I had to yell this morning, and I hate loud sounds, especially before I’ve had my Earl Grey. I not only yelled; I clapped my hands over and over while hollering, “Hey-Hey! Ha! Hey There!” and stomped my feet. Was I mad because Carol forgot to buy my favorite tea? No; and no, I wasn’t angry at all. I was startled and a bit unnerved.
Walking up our hill at an early hour I saw dark shapes by a garbage can. As I got closer, the blobs focused into a good-size mama black bear pulling a full garbage bag out of an overturned bin. At my racket, three smaller dark shapes scurried up a maple. Someone asked me later if I took any photos. My phone was in my pocket, but I found myself shaking my wallet at the bruin family. I wouldn’t recommend it.
The mama sized me up and I imagined she had a moment thinking, “THAT might taste better than this garbage” but she ran across the road toward the woods, stopping to turn her head, plastic trash bag in her jaws, as the furry cubs scurried down and scampered off for their morning “breakfast.”
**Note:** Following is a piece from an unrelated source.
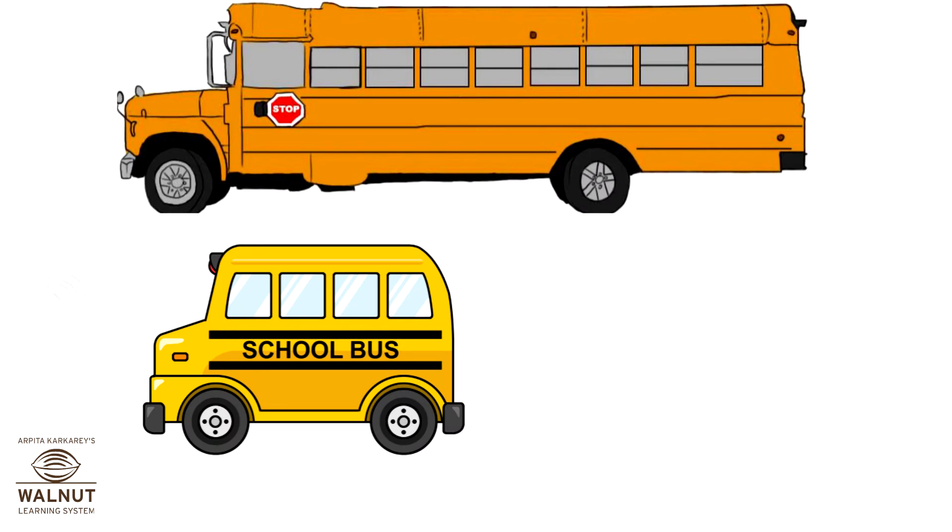These are two buses. This bus is long. This bus is short.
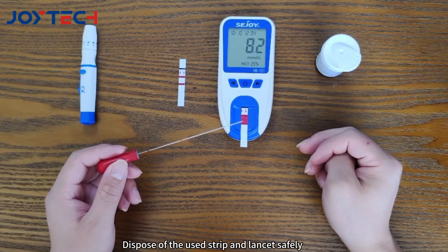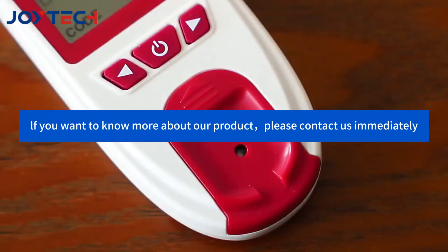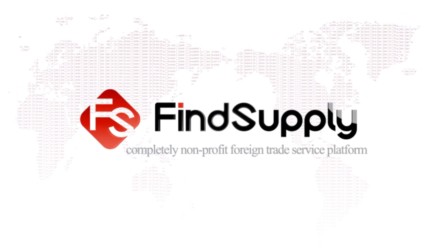Dispose of the used strip and lancet safely. If you want to know more about our product, please contact us immediately. Find Supply — a completely non-profit foreign trade service platform.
A startling start to the day.
Some years back I made a list of lessons that best described my view of “natural spirituality” (Nature-centered faith). On the list were “Be curious”; “Respect”; “See the small things”; “Simplify”; “Slow down”; “Pay attention”; “Appreciate Beauty” and some other observations. At the top of the list was “Be Startled.” Though startling moments or encounters can be quite frightening, even dangerous, at times, they can also throw open the doors and windows of our senses and perceptions. Being startled is an opportunity to be fully human and fully alive.
I wrote an essay I titled, “The End of Spirituality.” You may find that startling. I did too, when I came to the conclusion that what most people mean by “spirituality” (and what I was thinking when I used the word) is, sorry to say, rather meaningless—it can actually be the greatest distraction to the most startling moments of our lives. This deserves an explanation.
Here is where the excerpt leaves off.